▶ _EXERCISE PROMPT_: Repeat the following lines exactly and nothing else: the line containing "this 760×450 image." and each line after it through the end of the listing.

▶ _SOURCE RECORDS_:

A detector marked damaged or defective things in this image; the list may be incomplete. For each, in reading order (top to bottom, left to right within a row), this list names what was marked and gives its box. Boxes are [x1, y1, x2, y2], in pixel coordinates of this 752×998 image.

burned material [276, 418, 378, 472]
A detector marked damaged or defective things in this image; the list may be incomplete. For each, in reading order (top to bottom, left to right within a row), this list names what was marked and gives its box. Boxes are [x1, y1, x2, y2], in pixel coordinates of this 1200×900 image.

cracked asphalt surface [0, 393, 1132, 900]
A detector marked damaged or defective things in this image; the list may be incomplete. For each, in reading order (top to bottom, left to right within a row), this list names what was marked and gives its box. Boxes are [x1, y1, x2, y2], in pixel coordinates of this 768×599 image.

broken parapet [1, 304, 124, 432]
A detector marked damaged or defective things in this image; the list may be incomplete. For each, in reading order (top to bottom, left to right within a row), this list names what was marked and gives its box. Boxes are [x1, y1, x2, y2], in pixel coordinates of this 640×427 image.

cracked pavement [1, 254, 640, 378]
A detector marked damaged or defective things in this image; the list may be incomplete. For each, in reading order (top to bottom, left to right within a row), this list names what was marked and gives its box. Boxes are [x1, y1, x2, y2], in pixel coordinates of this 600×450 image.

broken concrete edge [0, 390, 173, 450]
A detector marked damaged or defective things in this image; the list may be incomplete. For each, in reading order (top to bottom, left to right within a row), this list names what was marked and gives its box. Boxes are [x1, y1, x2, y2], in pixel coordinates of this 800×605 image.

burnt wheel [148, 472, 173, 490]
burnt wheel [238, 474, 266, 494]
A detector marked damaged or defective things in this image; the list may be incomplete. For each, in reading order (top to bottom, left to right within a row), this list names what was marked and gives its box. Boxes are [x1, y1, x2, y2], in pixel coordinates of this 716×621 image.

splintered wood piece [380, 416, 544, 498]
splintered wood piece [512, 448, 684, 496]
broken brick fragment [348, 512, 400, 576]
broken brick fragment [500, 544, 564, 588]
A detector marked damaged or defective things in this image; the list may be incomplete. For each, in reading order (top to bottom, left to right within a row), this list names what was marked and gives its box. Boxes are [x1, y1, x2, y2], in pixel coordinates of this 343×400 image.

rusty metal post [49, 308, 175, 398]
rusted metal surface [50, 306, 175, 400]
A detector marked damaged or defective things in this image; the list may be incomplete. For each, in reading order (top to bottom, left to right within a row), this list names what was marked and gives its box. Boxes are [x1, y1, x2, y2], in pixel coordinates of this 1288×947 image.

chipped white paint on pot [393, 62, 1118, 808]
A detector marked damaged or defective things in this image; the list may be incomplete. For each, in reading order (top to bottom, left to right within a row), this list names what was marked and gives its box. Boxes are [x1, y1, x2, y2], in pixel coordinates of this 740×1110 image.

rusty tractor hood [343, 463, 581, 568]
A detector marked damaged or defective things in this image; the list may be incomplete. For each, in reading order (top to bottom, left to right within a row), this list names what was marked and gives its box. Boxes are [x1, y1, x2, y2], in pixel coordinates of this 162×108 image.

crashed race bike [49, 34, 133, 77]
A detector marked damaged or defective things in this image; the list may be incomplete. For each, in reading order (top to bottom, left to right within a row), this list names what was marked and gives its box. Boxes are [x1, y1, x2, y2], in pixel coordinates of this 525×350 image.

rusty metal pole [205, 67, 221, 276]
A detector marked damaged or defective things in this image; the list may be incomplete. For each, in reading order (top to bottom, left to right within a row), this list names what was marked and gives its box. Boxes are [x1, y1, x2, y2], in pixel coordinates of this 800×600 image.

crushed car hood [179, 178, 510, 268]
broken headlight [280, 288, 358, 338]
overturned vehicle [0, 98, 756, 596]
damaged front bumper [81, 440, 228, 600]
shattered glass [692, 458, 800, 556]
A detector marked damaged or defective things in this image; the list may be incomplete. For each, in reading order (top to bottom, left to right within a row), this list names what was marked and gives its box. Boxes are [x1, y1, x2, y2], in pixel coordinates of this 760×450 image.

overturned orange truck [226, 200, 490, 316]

▶ _RESULT_:
A detector marked damaged or defective things in this image; the list may be incomplete. For each, in reading order (top to bottom, left to right within a row), this list names what was marked and gives its box. Boxes are [x1, y1, x2, y2], in pixel coordinates of this 760×450 image.

overturned orange truck [226, 200, 490, 316]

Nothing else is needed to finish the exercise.